* **Problem description**
Exact copy, no pictures: output each line below as it stands.

* **Information provided**
┌──

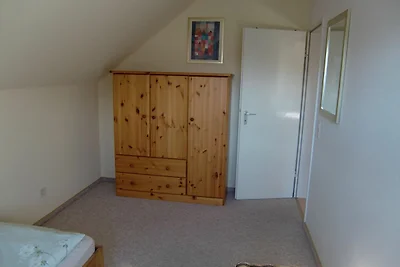 Endreihenhaus, 56m², bis 3 Pers.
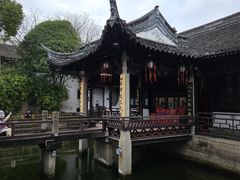 -绍兴鲁迅故里·沈园景区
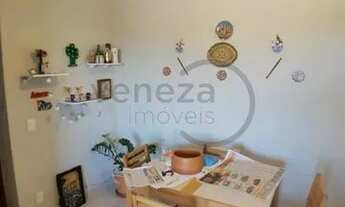 Imagem 3: Apartamento com 3 quartos para alugar por R$ 1830.00, 73.00 m2 - GLEBA PALHANO - LONDRINA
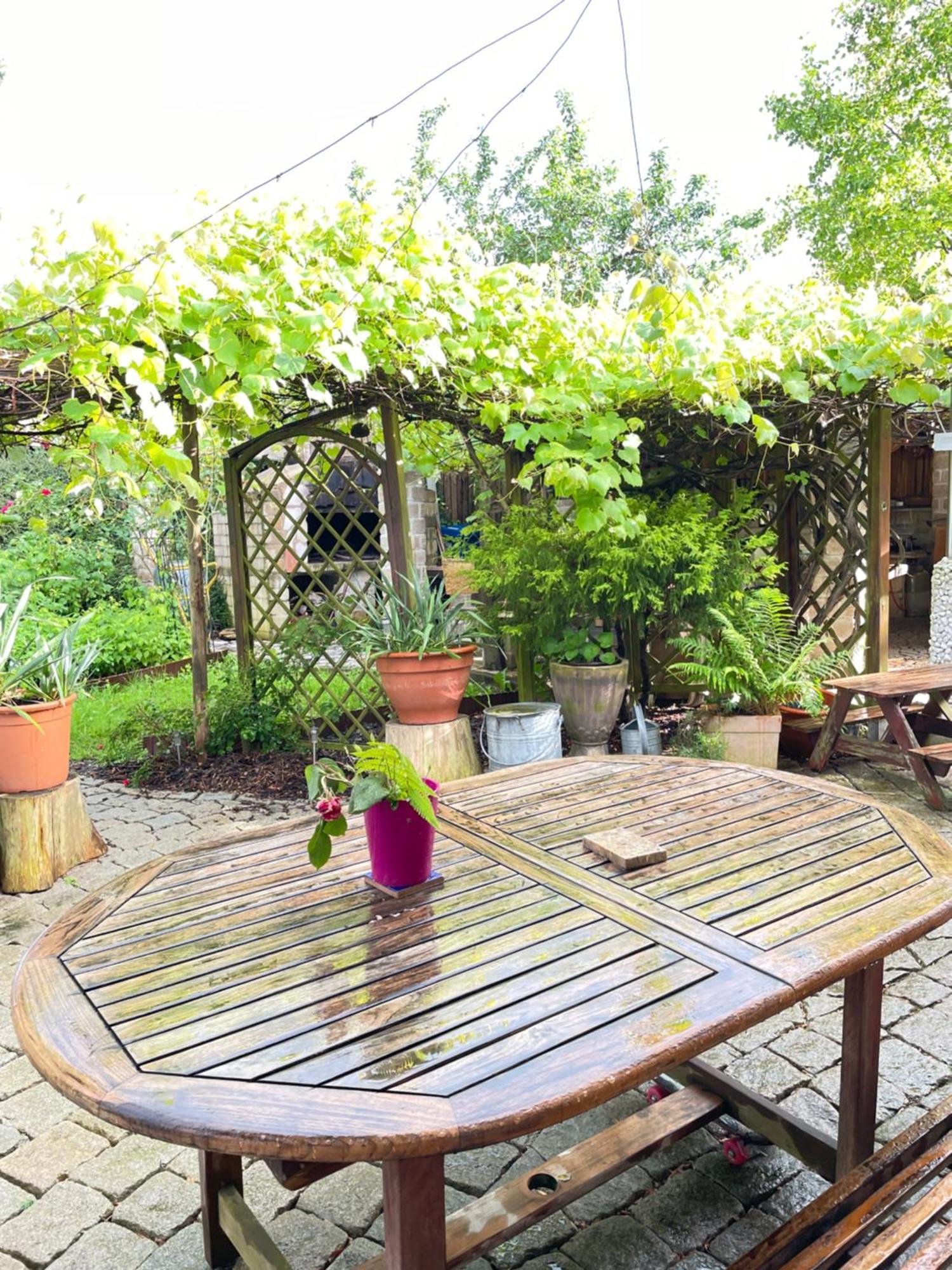 Homestay Innas Ambiente Hehlen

└──

* **Task response**
 Endreihenhaus, 56m², bis 3 Pers.
 -绍兴鲁迅故里·沈园景区
 Imagem 3: Apartamento com 3 quartos para alugar por R$ 1830.00, 73.00 m2 - GLEBA PALHANO - LONDRINA
 Homestay Innas Ambiente Hehlen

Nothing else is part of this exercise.